A recent report to the US government, by aerospace and defense company Northrop Grumman, describes Chinese economic espionage as comprising 'the single greatest threat to U.S. technology'.[22] Joe Stewart, of SecureWorks, blogging on the 2009 cyber attack on Google, referred to a 'persistent campaign of "espionage-by-malware" emanating from the People’s Republic of China (PRC)' with both corporate and state secrets being 'Shanghaied' over the past 5 or 6 years.[60]The Northrop Grumann report states that the collection of US defense engineering data through cyberattack is regarded as having 'saved the recipient of the information years of R&D and significant amounts of funding'.[22] Concerns about the extent of cyberattacks on the US emanating from China has led to the situation being described as the dawn of a 'new cold cyberwar'.[61]

United Kingdom[edit]

In December 2007, it was revealed that Jonathan Evans, head of the United Kingdom's MI5, had sent out confidential letters to 300 chief executives and security chiefs at the country's banks, accountants and legal firms warning of attacks from Chinese 'state organisations'.[62] A summary was also posted on the secure website of the Centre for the Protection of the National Infrastructure, accessed by some of the nation's 'critical infrastructure' companies, including 'telecoms firms, banks and water and electricity companies'.[63] One security expert warned about the use of 'custom trojans,' software specifically designed to hack into a particular firm and feed back data.[63] Whilst China was identified as the country most active in the use of internet spying, up to 120 other countries were said to be using similar techniques.[63] The Chinese government responded to UK accusations of economic espionage by saying that the report of such activities was 'slanderous' and that the government opposed hacking which is prohibited by law.[64]
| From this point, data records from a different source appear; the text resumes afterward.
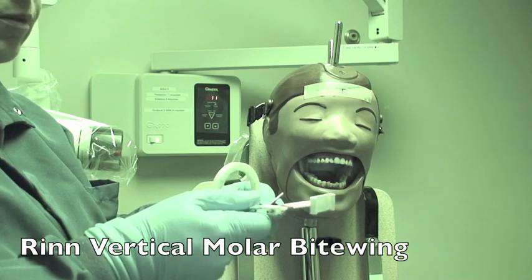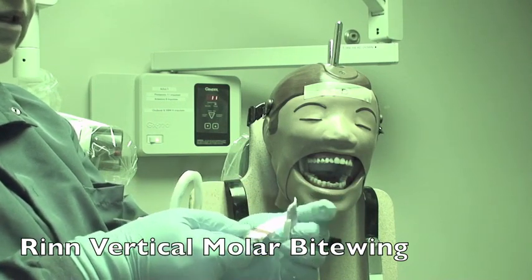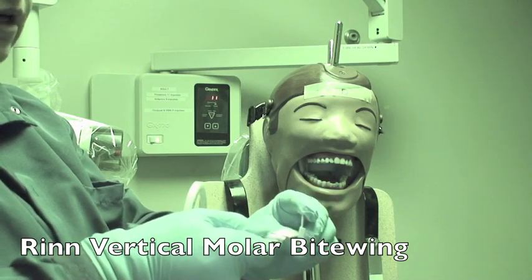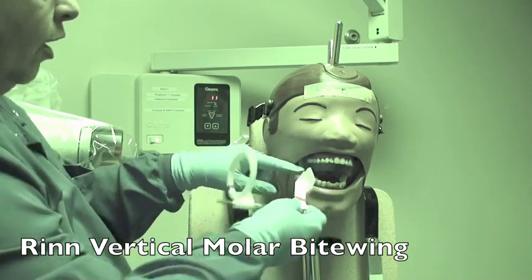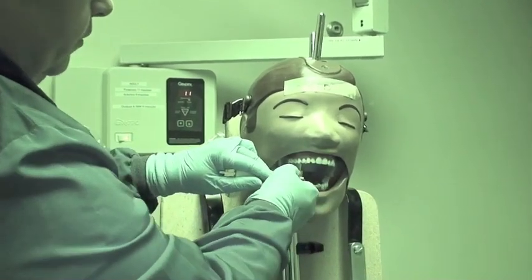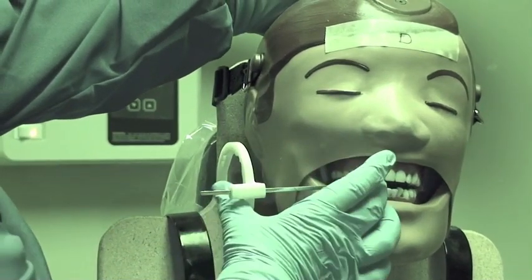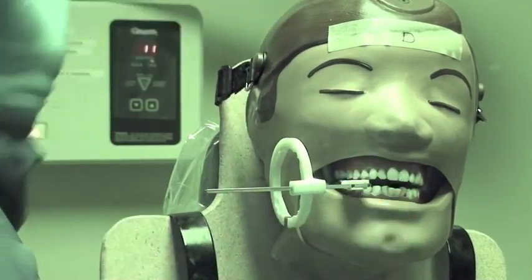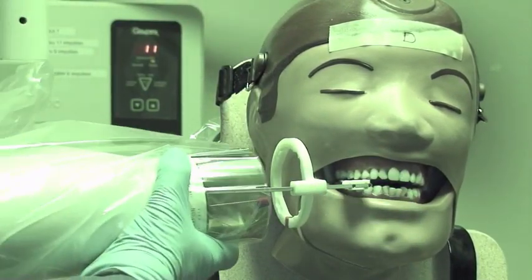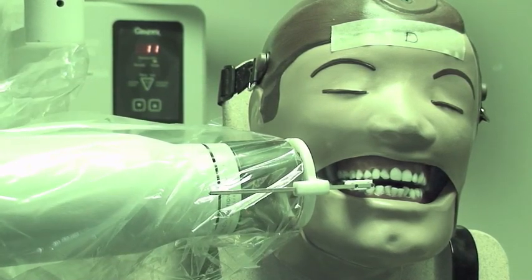When doing the vertical bite-wing, put the vertical bite-wing in opposite of the ring. Center the film on the bite block. Because of the size of the teeth, start at the distal of the last erupted molar and come forward to get two to three millimeters beyond the last molar. Then have them close and line up the PID parallel to the ring.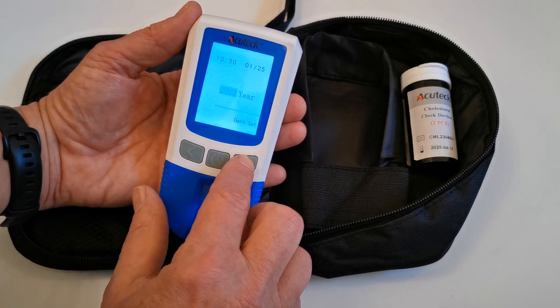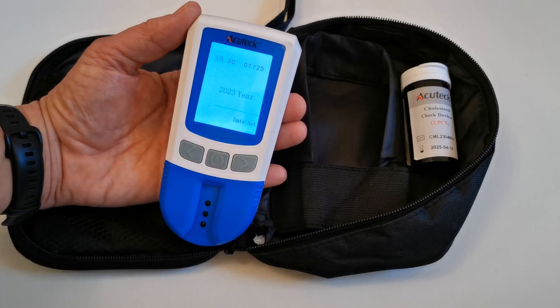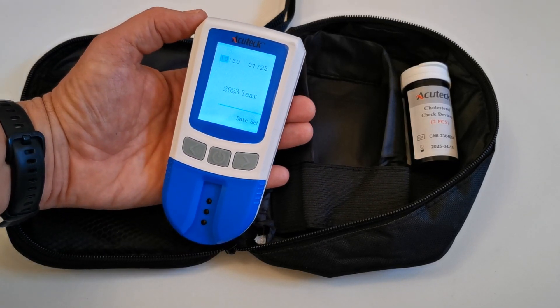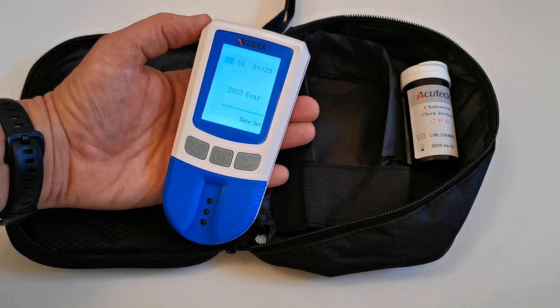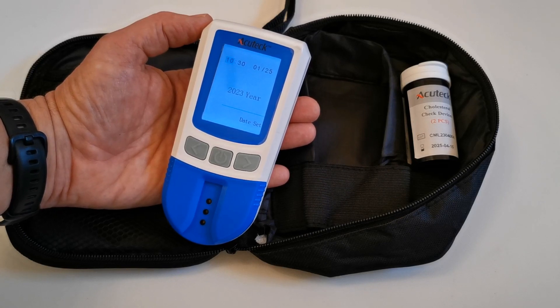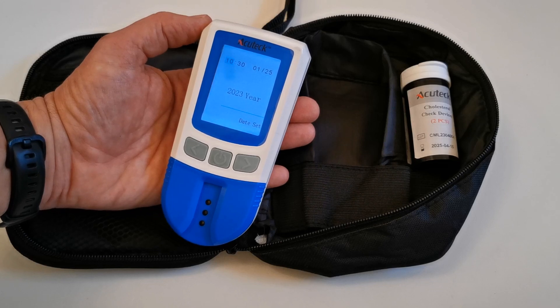When you're happy with the date, select the year and navigate that up to 23. When you're happy, you can just press the power button again. Obviously, that's asking to go through the menu a further time. If you now just leave this meter to power down, it will retain the date, time, and calendar settings that you've put into it.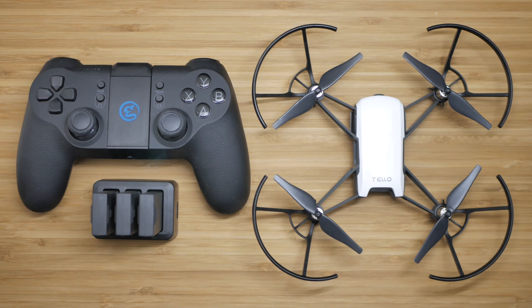If you haven't already picked up the Bluetooth controller, I highly recommend picking up a GameSir for an extra 49 bucks.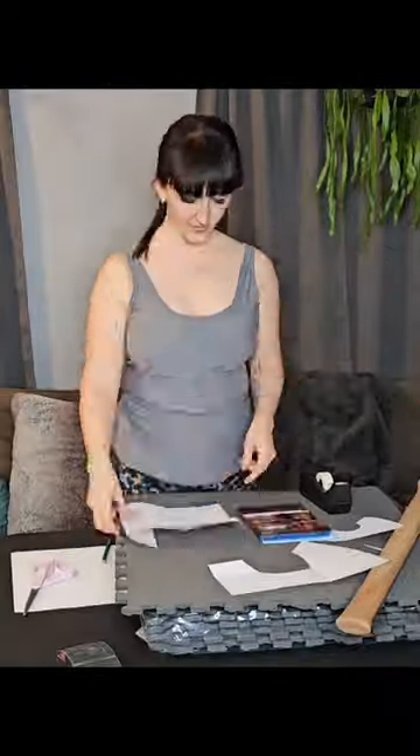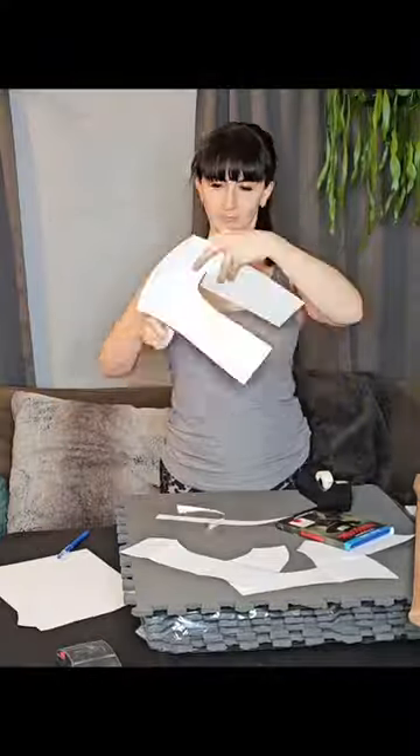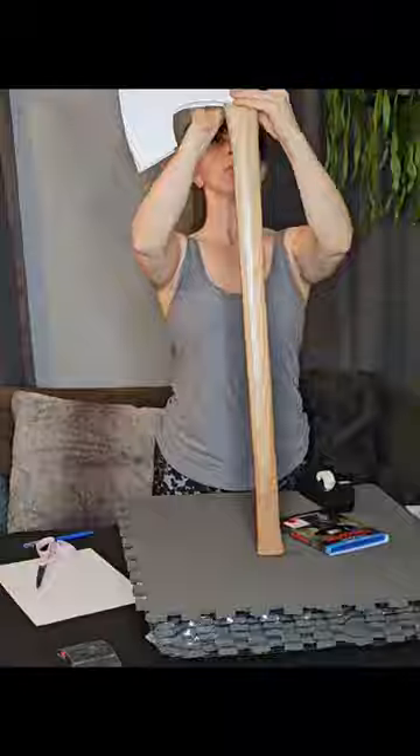Caitlin here. Hello. So here's my first attempt of a foam weapon prop. It is the axe blade of the John Carver character.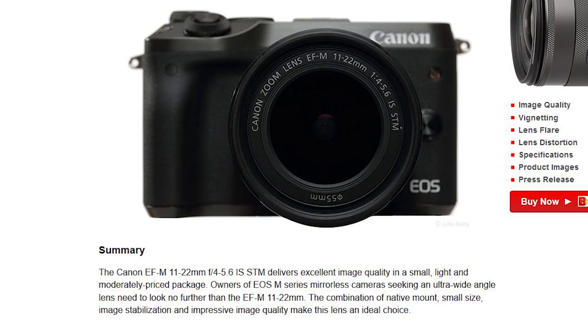I hadn't shot it yet, so I wasn't sure about the lens quality. John's summary — and the whole review is excellent, I'll put a link below — says: 'The 11-22 delivers excellent image quality in a small, light, and moderately priced package. Owners of EOS M series mirrorless cameras seeking an ultra-wide-angle lens need look no further than the EF-M 11-22. The combination of native mount, small size, image stabilization, and impressive image quality make this lens an ideal choice.' Very favorable review.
German counter-intelligence experts have maintained the German economy is losing around €53 billion or the equivalent of 30,000 jobs to economic espionage yearly.[65] The main perpetrator was thought to be China, though Russia was also considered "top of the list," with a variety of espionage methods being used, from old fashioned spying, phone tapping and stealing laptops, to internet based methods, such as the use of Trojan email attacks. The target of these attacks included not just information about technology but also management techniques and marketing strategies. As well as accessing intellectual property on-line, state sponsored hackers were also considered, by German counter intelligence officer Walter Opfermann, as capable of "sabotaging huge chunks" of infrastructure such as Germany's power grid.[66]